*** Begin section ***

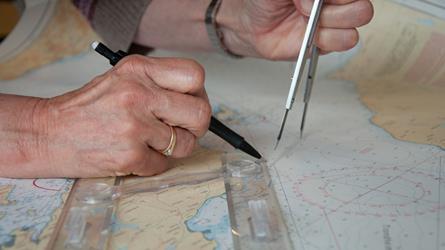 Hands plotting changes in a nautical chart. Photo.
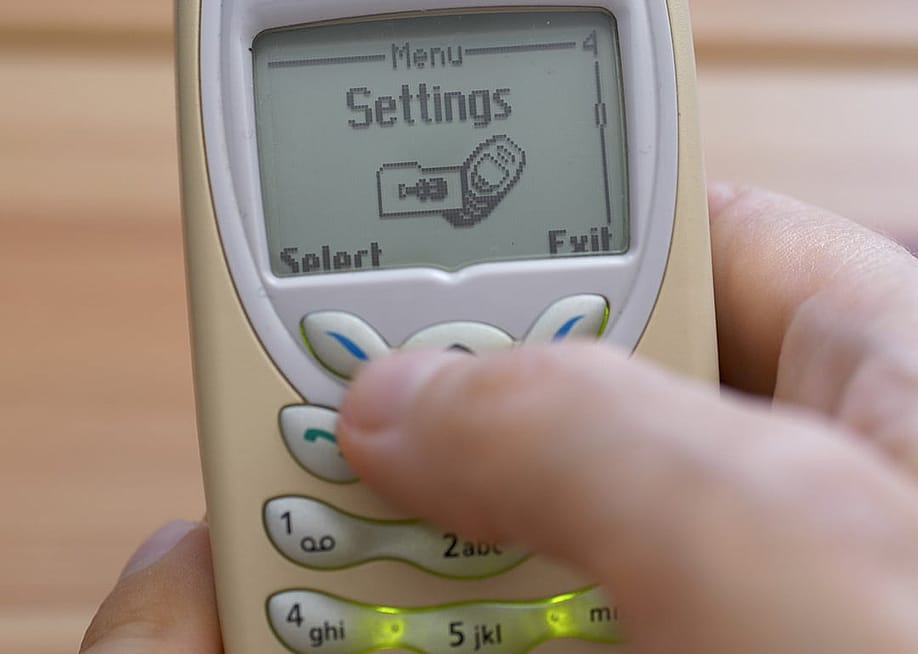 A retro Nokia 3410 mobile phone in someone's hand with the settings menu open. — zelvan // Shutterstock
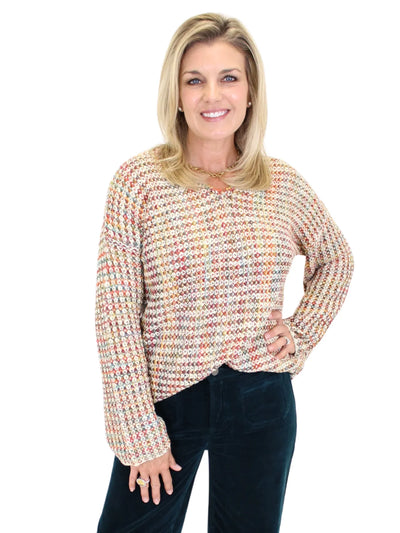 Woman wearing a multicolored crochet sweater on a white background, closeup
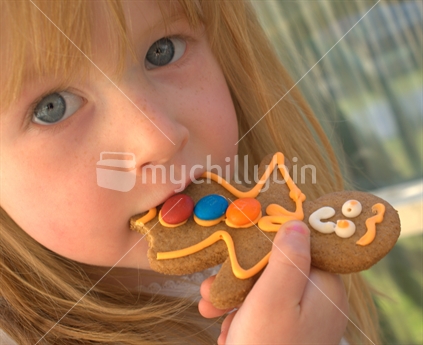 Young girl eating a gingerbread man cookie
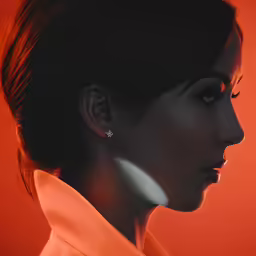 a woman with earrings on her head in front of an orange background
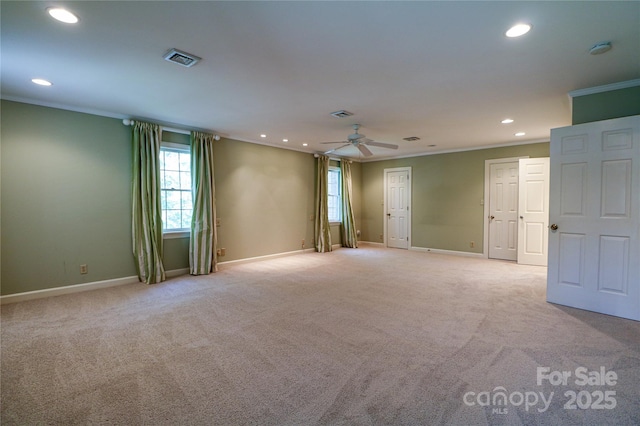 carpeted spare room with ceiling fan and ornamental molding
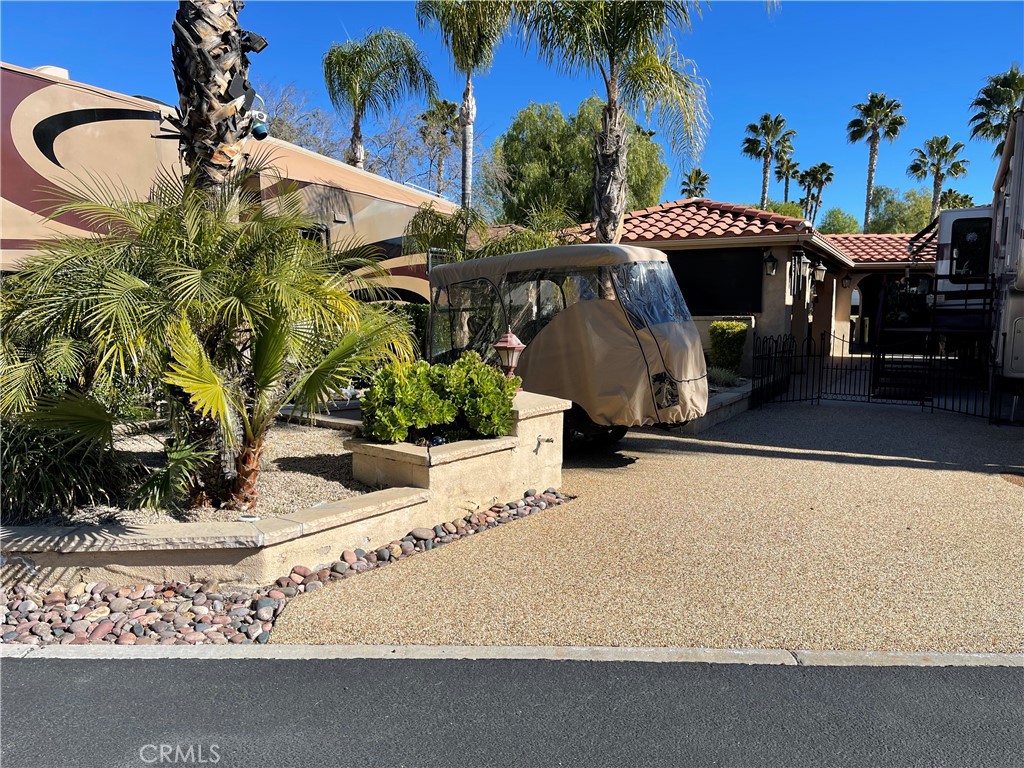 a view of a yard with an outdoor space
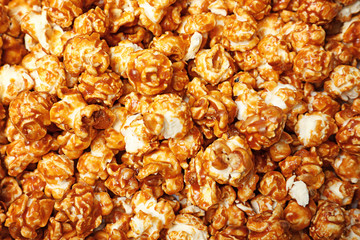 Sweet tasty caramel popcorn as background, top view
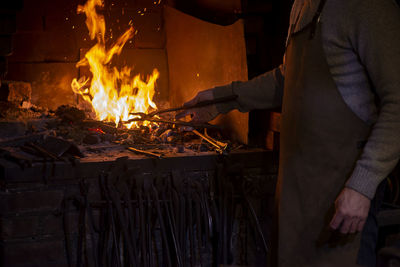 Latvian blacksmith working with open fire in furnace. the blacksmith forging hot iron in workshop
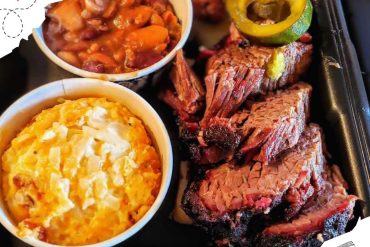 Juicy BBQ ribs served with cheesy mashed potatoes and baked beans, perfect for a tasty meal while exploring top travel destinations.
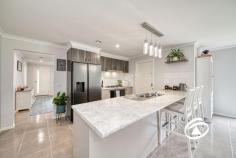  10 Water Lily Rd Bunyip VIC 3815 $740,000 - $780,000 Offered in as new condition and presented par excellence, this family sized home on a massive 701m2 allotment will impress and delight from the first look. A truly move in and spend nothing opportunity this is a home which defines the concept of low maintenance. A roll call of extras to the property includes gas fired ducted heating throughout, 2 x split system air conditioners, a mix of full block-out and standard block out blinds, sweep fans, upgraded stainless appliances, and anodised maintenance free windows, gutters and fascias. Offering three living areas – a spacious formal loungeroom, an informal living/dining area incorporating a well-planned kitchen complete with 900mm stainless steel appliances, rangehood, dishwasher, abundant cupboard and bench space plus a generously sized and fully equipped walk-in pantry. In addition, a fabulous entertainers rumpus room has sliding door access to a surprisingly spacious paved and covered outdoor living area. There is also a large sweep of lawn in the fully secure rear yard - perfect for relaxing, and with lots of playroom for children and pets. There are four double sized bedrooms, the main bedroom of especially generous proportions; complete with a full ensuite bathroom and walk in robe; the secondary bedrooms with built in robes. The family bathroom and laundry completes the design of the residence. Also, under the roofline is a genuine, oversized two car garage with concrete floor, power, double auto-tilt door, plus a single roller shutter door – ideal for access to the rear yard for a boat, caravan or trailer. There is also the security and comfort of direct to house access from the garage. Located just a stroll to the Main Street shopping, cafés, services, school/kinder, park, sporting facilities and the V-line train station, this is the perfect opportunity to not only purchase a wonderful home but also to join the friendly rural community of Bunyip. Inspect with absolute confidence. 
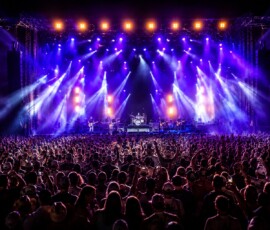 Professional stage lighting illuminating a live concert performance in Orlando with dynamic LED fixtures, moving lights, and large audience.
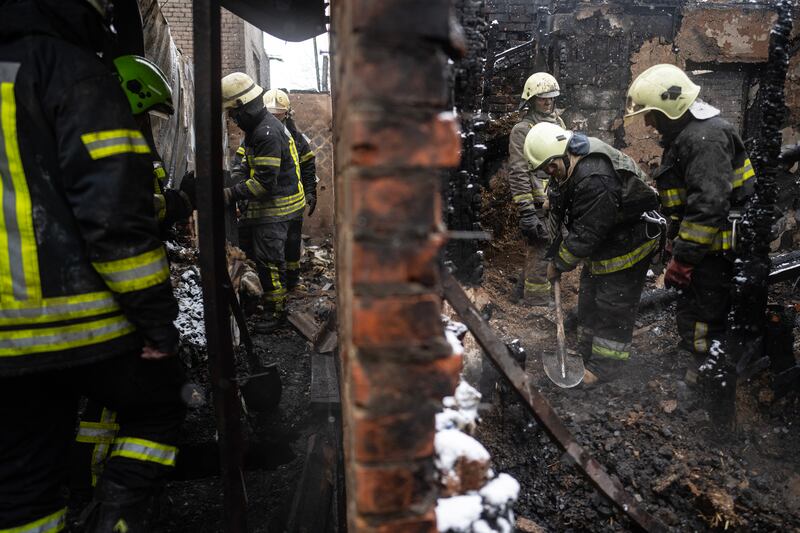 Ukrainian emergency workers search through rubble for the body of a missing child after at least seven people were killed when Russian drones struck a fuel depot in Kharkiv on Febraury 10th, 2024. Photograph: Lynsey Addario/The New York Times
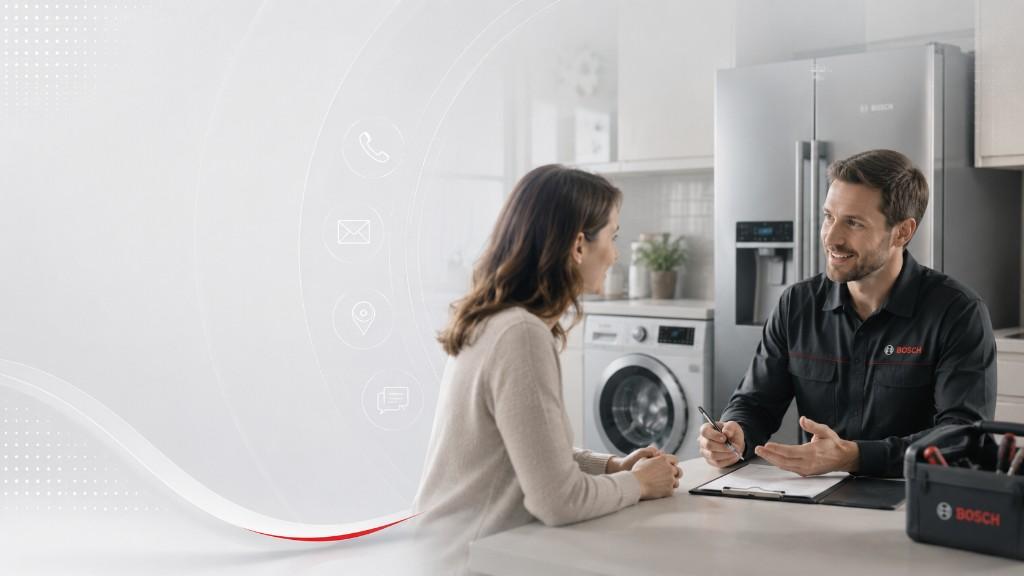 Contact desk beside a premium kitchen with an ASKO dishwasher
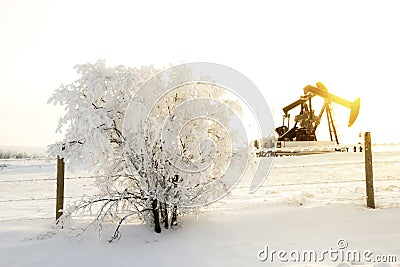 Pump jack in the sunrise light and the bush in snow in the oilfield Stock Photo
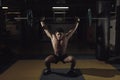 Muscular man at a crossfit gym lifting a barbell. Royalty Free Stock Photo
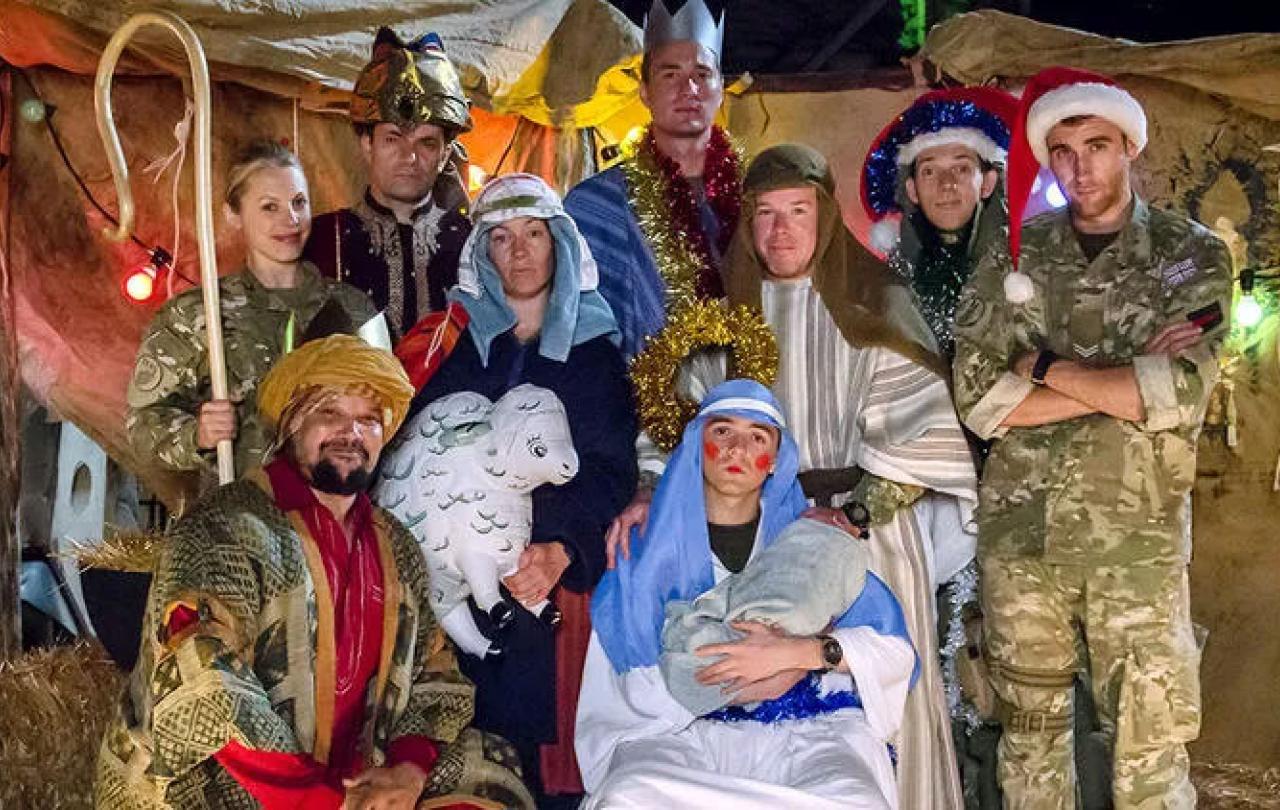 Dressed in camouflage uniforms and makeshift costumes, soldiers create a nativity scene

*** End section ***

▶ [The problem] Nothing should appear in the answer except the lines from the one containing "Pump jack in" through the last line of the listing, given again exactly and with no pictures.

▶ [Response to the exercise]
 Pump jack in the sunrise light and the bush in snow in the oilfield Stock Photo
 Muscular man at a crossfit gym lifting a barbell. Royalty Free Stock Photo
 Dressed in camouflage uniforms and makeshift costumes, soldiers create a nativity scene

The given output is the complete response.